→ Your instructions:
Could you give back exactly the lines below from the one with "Pantalón Negro ,Medidas" through the one with "LIONEL 18847- SANTA", without a single picture?

→ The data:

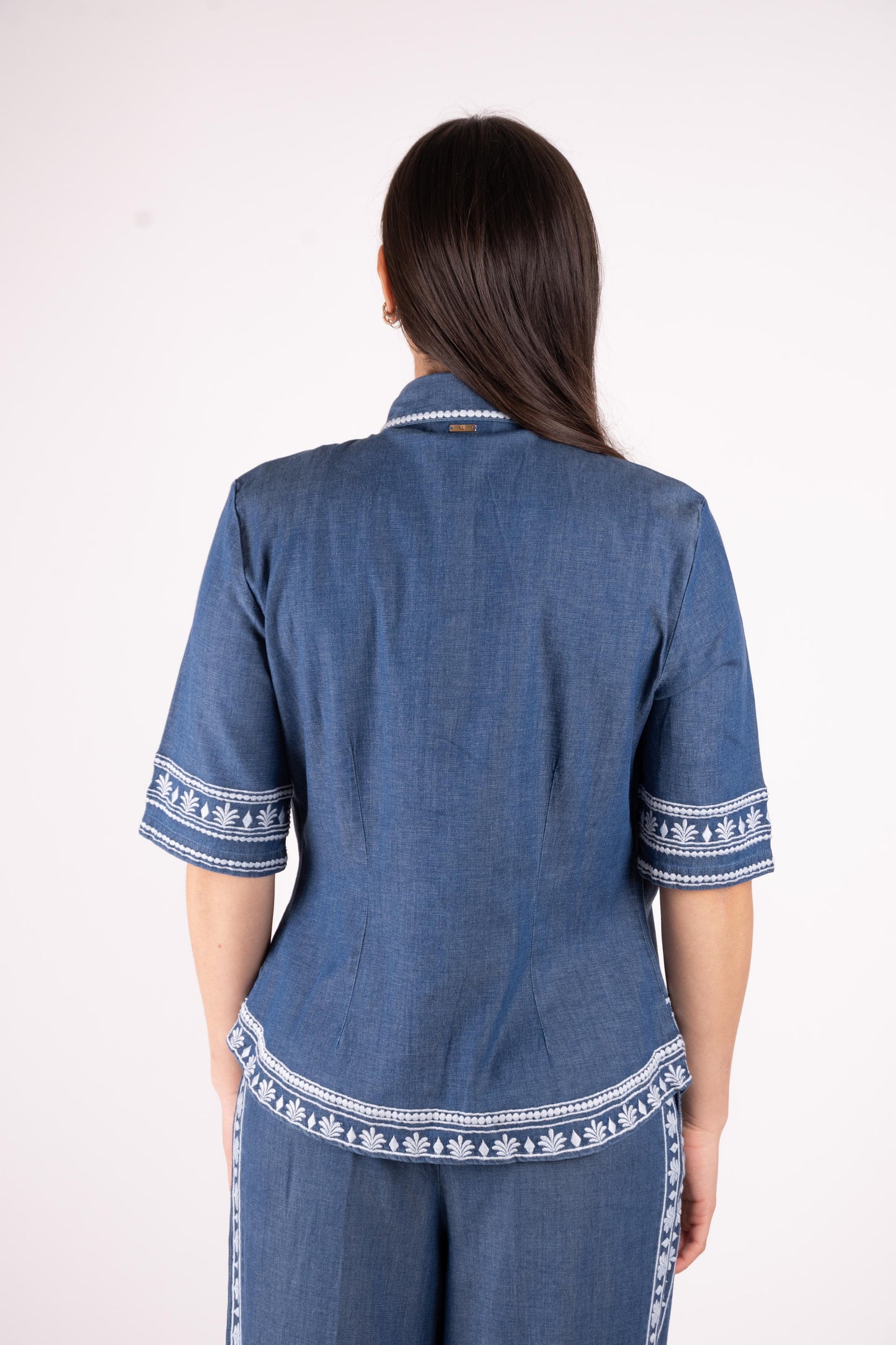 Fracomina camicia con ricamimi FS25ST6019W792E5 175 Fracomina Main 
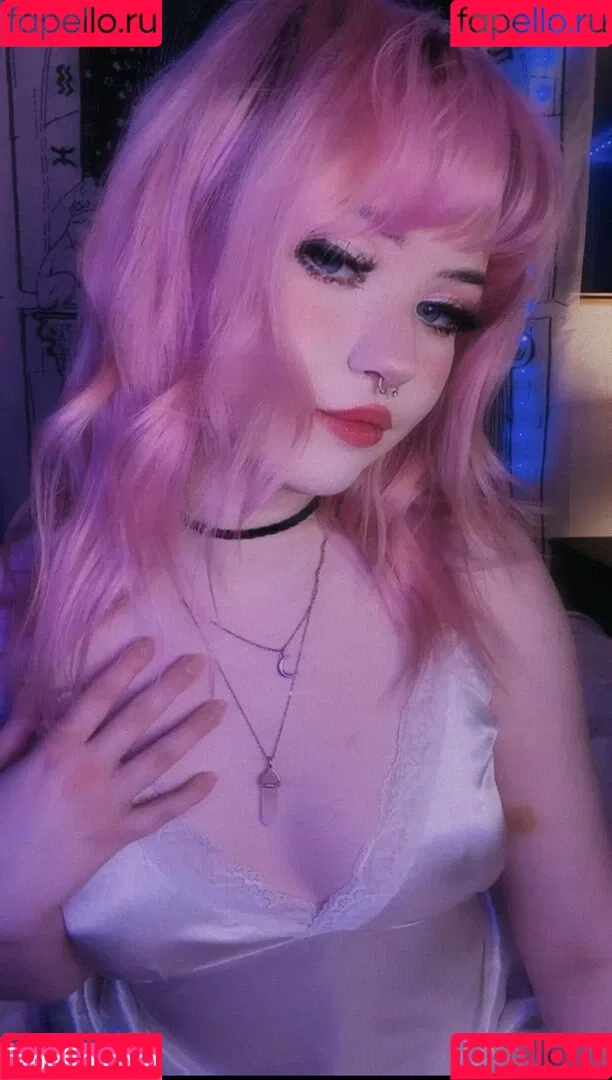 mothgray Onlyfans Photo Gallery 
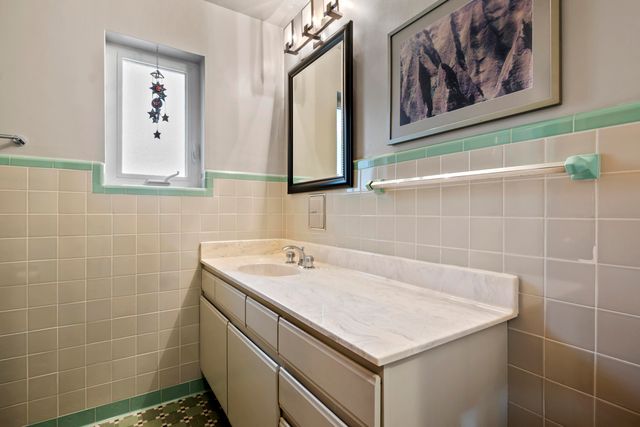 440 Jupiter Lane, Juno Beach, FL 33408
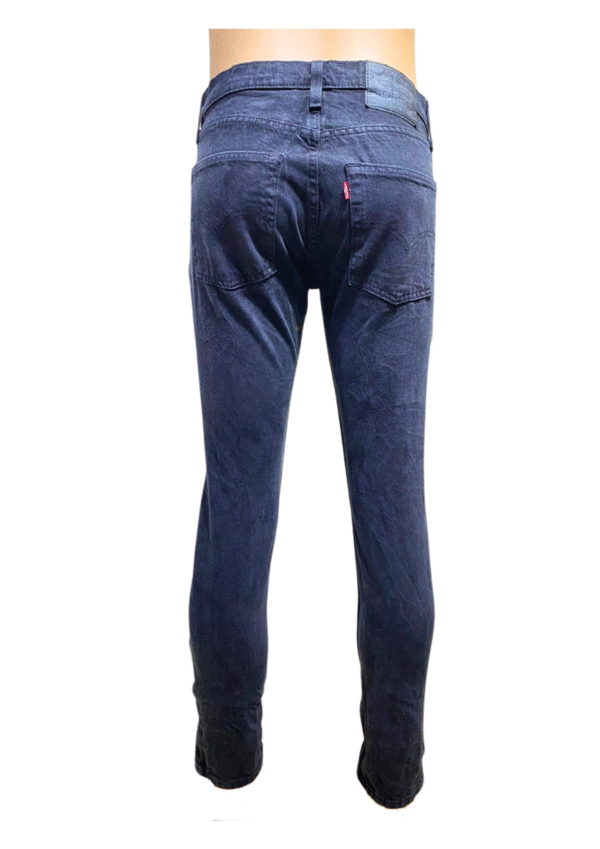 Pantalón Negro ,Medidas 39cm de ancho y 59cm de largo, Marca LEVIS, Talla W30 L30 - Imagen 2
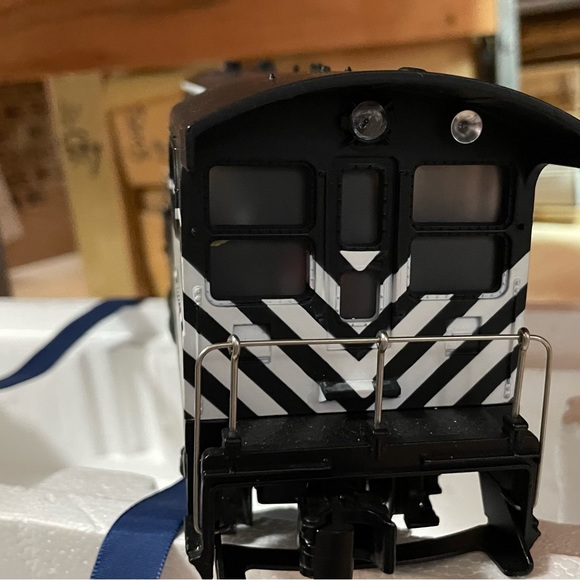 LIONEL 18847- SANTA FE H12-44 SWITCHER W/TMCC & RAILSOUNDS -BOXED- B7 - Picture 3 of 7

* * *

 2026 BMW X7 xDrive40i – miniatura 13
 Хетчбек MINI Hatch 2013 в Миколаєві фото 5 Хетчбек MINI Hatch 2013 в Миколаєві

→ Result for this exercise:
 Pantalón Negro ,Medidas 39cm de ancho y 59cm de largo, Marca LEVIS, Talla W30 L30 - Imagen 2
 LIONEL 18847- SANTA FE H12-44 SWITCHER W/TMCC & RAILSOUNDS -BOXED- B7 - Picture 3 of 7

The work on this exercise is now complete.